Swaim’s legal reasoning isn’t really at play in those discussions, but its consequences are.
When the high-water line shifts over time, its status as public or private can be adjusted, to account for changes. If the water line shifts due to a one-time shock, the change is considered an “avulsion” event and the high-water line remains fixed to maintain stability in terms of property rights, explained George S. Reynolds, a Florida lawyer with experience in riparian cases. The “avulsive” change can either be induced artificially or via a natural event such as a hurricane. (If private land suddenly gets filled with water during a storm because a seawall broke, say, neighboring homeowners can’t suddenly start kayaking through their neighbor’s yard.)
Climate change falls somewhat in between. “There’s no ruling out there whether climate change is an avulsive event,” said Reynolds. “From 2010 to 2023, the water line changed. It’s perceptible, but day to day it’s imperceptible.”
The Swaim cases are reverberating through various government corridors, partially because they are hard to ignore. Swaim has filed more than 50 lawsuits in Broward and Palm Beach counties in a little over a decade, highlighting procedural gaps in the way coastal property rights and title are assessed. “You’re asking the court to determine if [a lot] was submerged in the 1840s and if there was an avulsion event,” Reynolds said of Swaim’s various lawsuits. “These courts are making decisions that could set a precedent that have ramifications for many other owners.”
In addition to the broader ramifications, Swaim has targeted a variety of government offices and officials in his suits, or at least required their input, putting a strain on government resources. That includes the cities of Boca Raton and Pompano Beach, county appraisers Marty Kiar and Nikolitz, the South Florida Water Management District, the State Attorney’s office, the Florida State Department of Highways, and the Florida Department of Environmental Protection, to name a few.
In response, there are ongoing attempts to address the matter through legislative or administrative means, said Reynolds, which Swaim himself has requested.
But in the meantime, Swaim appears to have free rein, as long as he’s willing to battle it out in court.
“He’s a genuine person and a land speculator; he’s not just a kook,” said Reynolds. “Property is a constitutional right and there are many properties out there that are submerged today that are not sovereign.

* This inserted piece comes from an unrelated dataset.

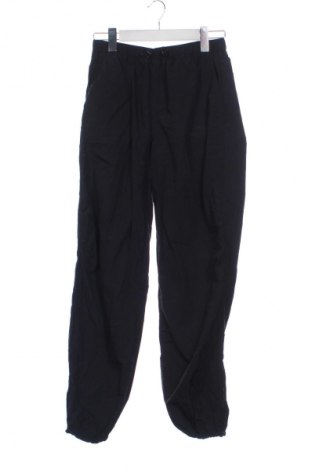 Pantaloni de trening, pentru copii New Look, Mărime 11-12y/ 152-158 cm, Culoare Negru, Preț 66,00 Lei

If he can establish that he’s the lawful owner, he can demand [folks] remove improvements or pay him what he believes he’s owed.”
A lawyer involved in Swaim’s many suits was less sanguine about Swaim’s model of demanding ransom from residents who’ve spent years or decades kayaking, fishing and boating on what appears to be public water.
“This guy comes along, buys a piece of property and tries to weaponize it,” the lawyer said. “[My clients] are spending untold amounts getting their water back.”
But Swaim says he’s nonplussed by people assuming property rights don’t exist when the property is covered by water. “People get stupid when they see water,” he said.
In addition to the many parcels entangled in litigation, Swaim continues to target Intracoastal parcels with absentee owners, and sometimes gets calls from heirs or feuding family members to buy their land. He also plans to continue his campaign against fiber-optic companies that are, in his opinion, ignoring basic property laws with impunity.
“I already found them,” Swaim said. “I just don’t have the time to mess with them.”